11.6 Architecture
In this section, we shortly give an overview of the total hyponymy extraction process.
1. In the first step the corpus containing the hyponyms (here the German Wikipedia) is parsed by the deep linguistic parser WOCADI
2 [23]. For that WOCADI makes use of the semantic lexicon HaGenLex
3 [24] and a given knowledge base KB. The output of the WOCADI analysis for a single sentence is a token list, a dependency tree, and a semantic network.
2. Shallow extraction rules (similar to Hearst patterns) are applied on the token list.
3. Deep extraction rules are applied on the semantic network representation.

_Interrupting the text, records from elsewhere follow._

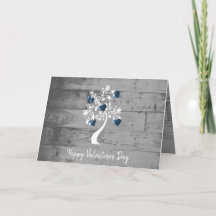 Blue Valentine Hearts Träd Greeting Card
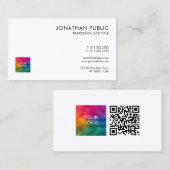 Minimalistische Vorlage für QR-Logos für Unternehm Visitenkarte (Vorne/Hinten)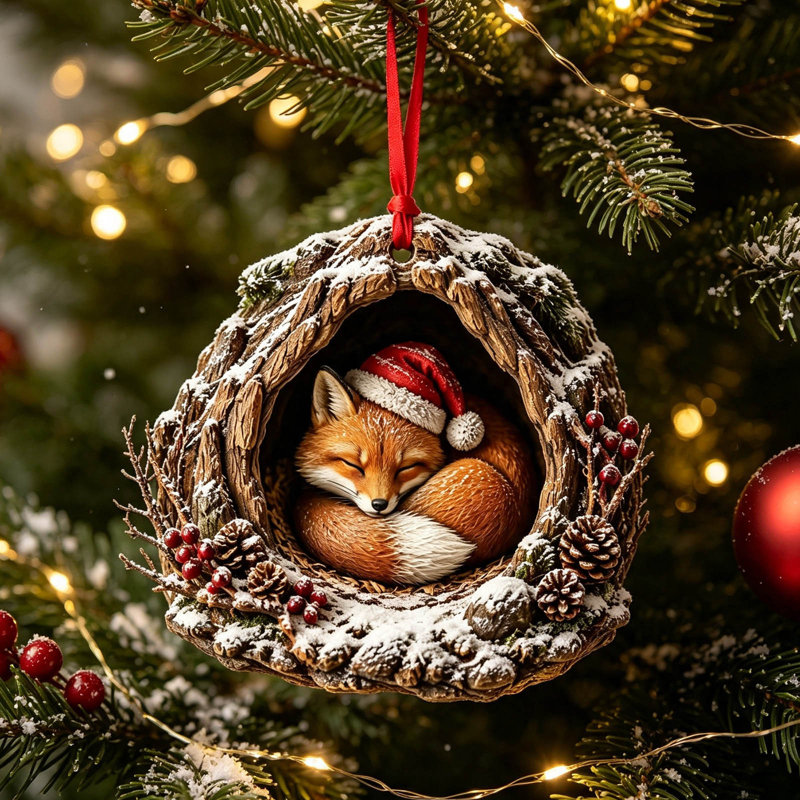 Décorations de Noël en résine, décorations d'animaux mignons en forêt, de profondeur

4. A validation module is applied that filters out incorrect hypotheses by looking on the semantic properties of these hypotheses [25].
5. Not all of the hypotheses that pass this filter are actually correct. Therefore, a support vector machine is additionally applied to validate the accepted hypotheses. Validation scores are calculated for all hypotheses and stored with them together in the hypotheses knowledge base HKB.
6. The best hypotheses of HKB, according to the scores, are stored in the knowledge base KB after manual inspection.
The entire validation process is illustrated in Figure 11.2.
A deep extraction rule consists of a conclusion sub0(a1, a2) (sub0: hyponymy/instance-of/troponymy relation) ...